Investors get access to Korean small caps

A groundbreaking new CBO fund targets foreign investors seeking exposure to Korean SMEs.

The Korean government - along with Tong Yang Investment Bank, TD Securities, the Korean Development Bank (KDB) and Hong Kong-based ADM Capital - have unveiled a new fund offering international investors a slice of the Korean small and medium sized business sector. The fund - called the Koromas Fund - is being sponsored by the Small and Medium Business Administration (SMBA), a department of the Korean Ministry of Industry and Energy.

The Koromas Fund aims to raise $300 million through the issue of three classes of notes. The senior A class note and participating C class notes will be sold to international investors together. The A notes will get a credit wrap from KDB. The C notes will be backed by the equity of companies in the fund. The B class junior notes will be sold to Korean investors without the KDB credit wrap.

The money raised will be used to buy a series of Eurobonds with warrants attached from a pool of 60-70 Korean SMEs. The companies will each sell their individual eurobonds via Tong Yang and TD Securities to the fund. The warrants attached to the bonds will be roughly equal to 20% of the individual company's market capitalizations. For those companies that are not listed, KPMG will provide a valuation.

The investors in the fund will essentially be buying a collateralized bond obligation with the credit guarantee of KDB and the upside equity potential of 60-70 small cap Korean companies. This enticing structure should ensure the deal's success. As a further enhancement, the fees that the advisors and managers would usually charge have been cut to a minimal level and the advisers and managers will instead be getting their pay through free participation in the fund.

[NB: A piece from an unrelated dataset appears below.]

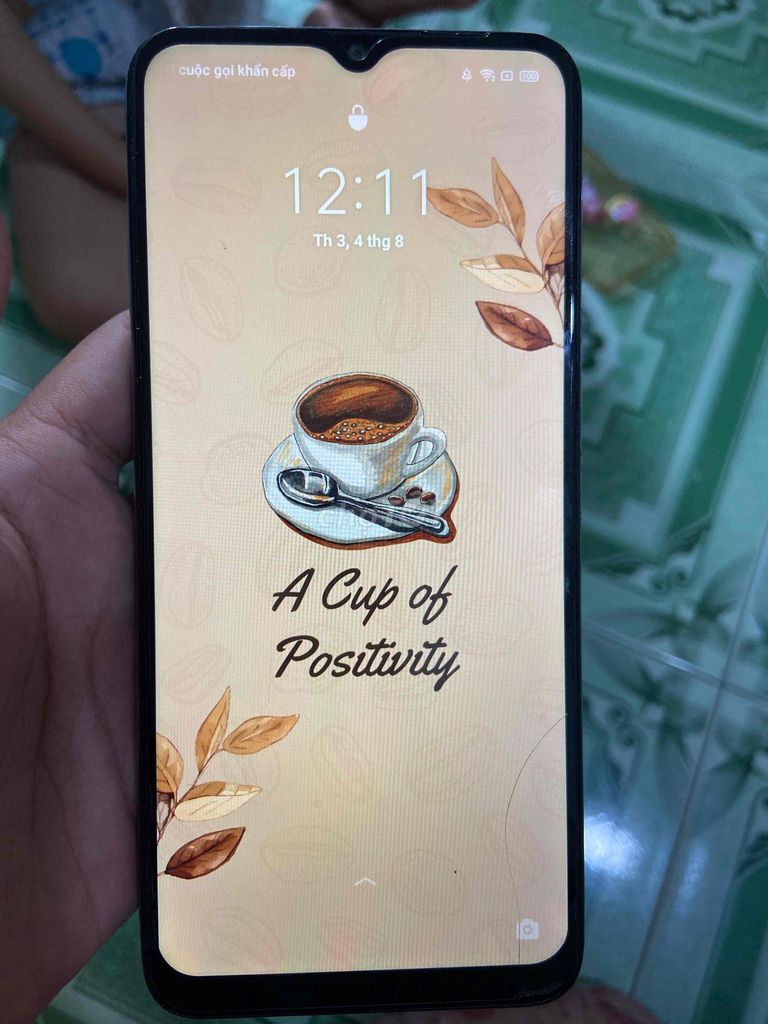 Realme C21Y 8GB/256GB Xám. Mua bán Điện thoại tại Quận 12 Tp Hồ Chí Minh được đăng bởi Dương Đào hình 1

Despite the fact that the Korean government is involved, the SMEs will be paying a market rate for their money. The coupons and yields on their Eurobonds will be set at market rates, as will the terms of the warrants. All the Eurobonds, the notes and the fund itself will be listed in Luxembourg to further enhance the transparency of the deal.

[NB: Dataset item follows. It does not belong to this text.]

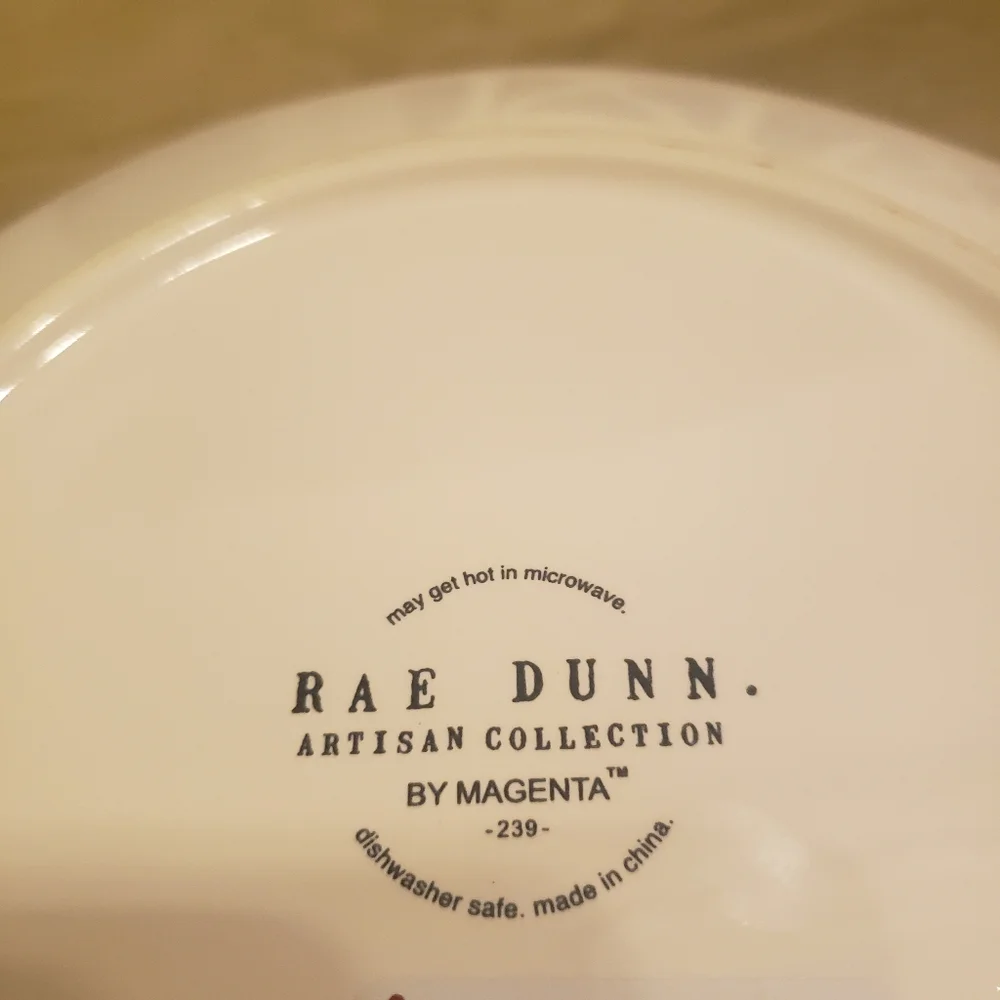 Rae Dunn brand new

"This project is very important for Korea as it is our chance to shows our capabilities to foreign investors," said Hyoung Keun Oh, Director of the SMBA, speaking at the fund's launch. Indeed, the fund is being marketed as the first chance foreign institutional investors will have to invest in the chosen companies.

The fund was launched in Hong Kong on Thursday amid a roadshow featuring some 17 of the participating companies. There was standing room only in the presentation room as a variety of international fixed income, straight equity and private equity investors listened to the small companies make presentations about their businesses.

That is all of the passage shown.